Ahli hukum pidana ini tercatat juga sebagai Dosen Magister Ilmu Hukum Fakultas Hukum Universitas Gadjah Mada (UGM) Yogyakarta.
Hendri Jayadi menyampaikan keterangannya di hadapan Majelis Hakim Ni Made Purnami dengan anggota Heru Kuncoro dan Arif Yudiarto.
Dalam keterangannya, Hendri Jayadi menjelaskan bahwa kehadirannya di PN Jakarta Timur untuk menjelaskan tentang dugaan adanya penggunaan merek. Ia mengungkapkan dalam proses pemeriksaan penyidikan, proses pembuktiannya dinilai terbatas. Bentuk, foto , serta warna dan perbedaan kedua merek tersebut juga diutarakannya.
“Jadi, semua informasi dan dokumen itu disajikan oleh penyidik kepada saya. Dan saya menilai berdasarkan kronologis dan dokumen yang disampaikan oleh penyidik, maka saya sampaikan kalau betul dokumen itu sah atau berkekuatan hukum atau fakta sebenarnya,” ungkap Hendri.
Hendri mengatakan, apabila ada fakta lain atau pembelaan terkait hal tersebut menurutnya agar disampaikan dalam persidangan.
Ia mengungkapkan, pada tahun 2017 pemilik merek sebenarnya telah mendaftarkan. Karena, muncul merek lain ada pihak yang merasa keberatan dan mengajukan gugatan.
Tahun 2022 gugatan atas merek ketikan itu dimenangkan. Sehingga pemilik merek tahun 2017 dianggap sah secara hukum berdasarkan putusan hukum. Saat itu ada perintah dari pengadilan untuk menghapus sertifikat merek dari daftar umum.

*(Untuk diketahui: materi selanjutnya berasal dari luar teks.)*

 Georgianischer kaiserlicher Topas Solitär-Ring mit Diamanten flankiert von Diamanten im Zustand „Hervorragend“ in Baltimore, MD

“Sebetulnya penyelesaian sengketa secara RJ (restorative justice) lebih diutamakan, menurut saya daripada ataupun kalaupun ini tetap berjalan. Penyelesaian secara restorative justice dilakukan tinggal berjiwa besar, karena saya dengar tadi berdakwa sudah melakukan press release dan dicabut dan tidak menggunakan merek itu lagi,” kata ahli pidana peraih gelar Doktor Program Pascasarjana Fakultas Hukum Universitas Padjajaran (FH Unpad) Bandung itu.
Ia juga menjelaskan perihal permohonan kasasi terdakwa ditolak, maka menguatkan putusan Pengadilan Niaga yang sebelumnya menyatakan dicabutnya sertifikat merek terdakwa.
Ia memaparkan terkait pidana dalam kasus ini sesuai ketentuan pasal 100, 101 dan 102 UU No.20 Tahun 2016 yang bersifat Ultimum Remidium (Upaya Hukum Terakhir jika tidak ada titik Temu/kesepakatan antar pihak).
“Dalam kasus ini dapat dipidanakan karena pada merek terdapat kesamaan dalam pokok,” katanya.
Ahli menambahkan, dalam merek terdapat istilah First to File Principal yaitu siapa yang lebih dulu terdaftar maka akan mendapatkan hak dari merk tersebut.
“Setelah ada putusan inkrah pihak yang kalah harus menghentikan penggunaan merek miliknya dan menarik produk yang beredar di pasaran,” ujar Hendri.(Paulina/01)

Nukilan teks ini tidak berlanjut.